Éloge de l’âge (Christian Combaz)

« La seule attitude digne face à l’échéance est celle que l’on adopte dans une salle d’attente, quand on n’a pas le cœur de lire une revue. Elle consiste à regarder devant soi calmement. » (p. 16)

« La vieillesse est un âge où, par bonheur, la fatigue des cellules vous délivre de mille soucis ennuyeux : séduire, conquérir, écraser ses adversaires, exercer un pouvoir, promouvoir la vérité sont de moins en moins nécessaire. On s’en lasse. On n’est plus très sûr que le pouvoir soit amusant, ni que la vérité soit bonne à dire. » (p. 41)

« Contraindre les vieillards à participer à notre agitation le plus longtemps possible, jusqu’à la limite de leurs forces, c’est avoir une très haute idée du jeu qu’on leur propose. Il est d’usage de prétendre que rien ne vaut la vie, mais après tout qu’en savons-nous ? Ceux qui l’ont vécue si longtemps ne sont-ils pas mieux placés que nous pour en juger ? » (p. 44)

« La pauvreté d’un homme n’est jamais telle, dans l’âge adulte, qu’il doive perdre son nom. À l’hospice, c’est le cas. La personnalité du pensionnaire est si menacée, par l’institution et par le groupe, qu’il développe des réflexes maladifs de défense dont la plupart n’ont rien à voir avec ce qu’on pourrait appeler le gâtisme et ressortissent plutôt de la névrose concentrationnaire. » (p. 47)

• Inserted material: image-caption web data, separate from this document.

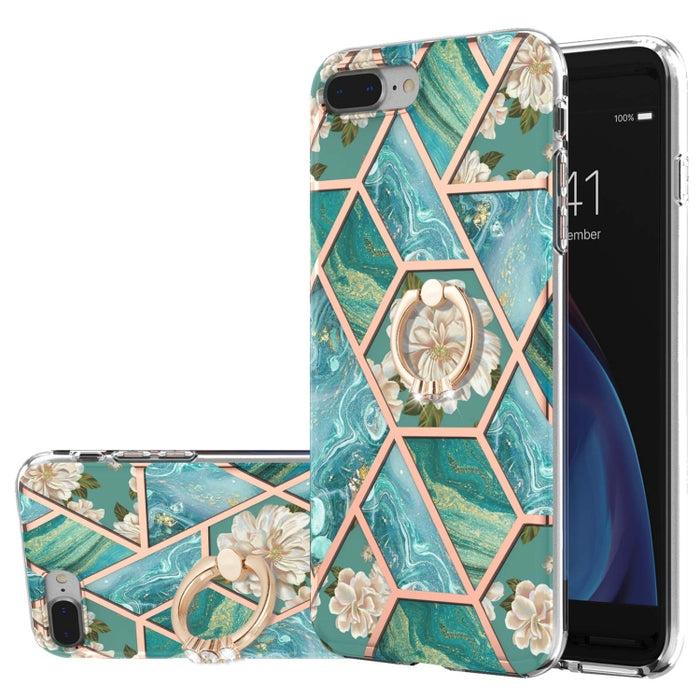 Estuche a prueba de golpes TPU con estampado de flores de mármol y empalme de galvanoplastia con soporte para anillo de diamantes de imitación
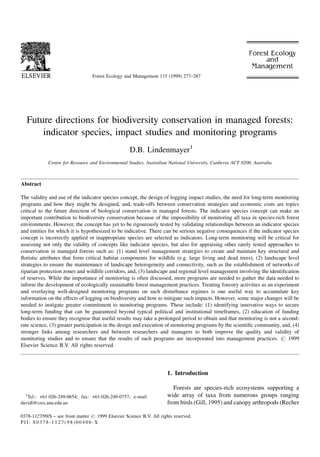 D.B Lindenmayer Future Directions For Biodiversity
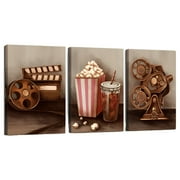 Visual Art Decor 3-Piece Framed Painting Canvas Art Prints - Classic Old Fashion Film Reels Popcorn Poster Vintage Bar Pub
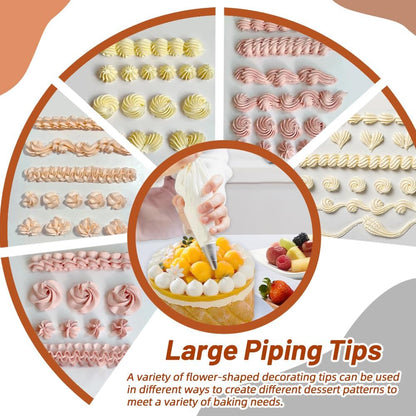 9PCS Large Piping Tips with brush,Sturdy Cake Piping Tip for Cookie Cupcake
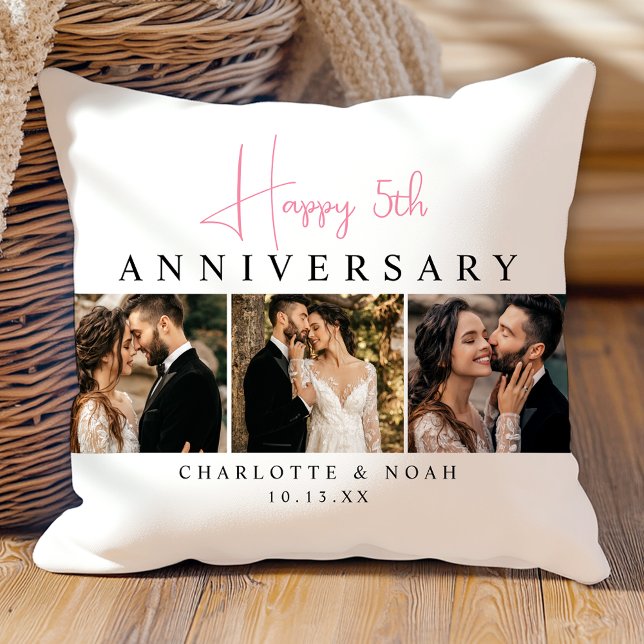 Custom Wedding Anniversary Photo Collage Cushion (Creator Uploaded)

« Grâce à Dieu, ces temps d’obscurantisme social sont révolus. Désormais, il y a un deuxième salaire à la maison, les enfants vont à la crèche, on passe le mois d’août au bord de la mer, on change de voiture l’année prochaine et grand-mère est dans une maison de retraite où l’on s’occupe très bien d’elle. » (p. 49)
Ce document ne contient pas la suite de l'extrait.